= Beginning of Section =

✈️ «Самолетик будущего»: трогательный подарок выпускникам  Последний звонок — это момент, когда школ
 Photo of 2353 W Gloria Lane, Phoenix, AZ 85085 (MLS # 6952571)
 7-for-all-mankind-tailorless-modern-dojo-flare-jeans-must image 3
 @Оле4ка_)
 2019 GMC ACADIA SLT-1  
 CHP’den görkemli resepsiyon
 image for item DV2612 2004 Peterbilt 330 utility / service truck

= End of Section =

ABOUT THIS TASK
Each record above should be given again exactly as it appears.

REPLY
✈️ «Самолетик будущего»: трогательный подарок выпускникам  Последний звонок — это момент, когда школ
 Photo of 2353 W Gloria Lane, Phoenix, AZ 85085 (MLS # 6952571)
 7-for-all-mankind-tailorless-modern-dojo-flare-jeans-must image 3
 @Оле4ка_)
 2019 GMC ACADIA SLT-1  
 CHP’den görkemli resepsiyon
 image for item DV2612 2004 Peterbilt 330 utility / service truck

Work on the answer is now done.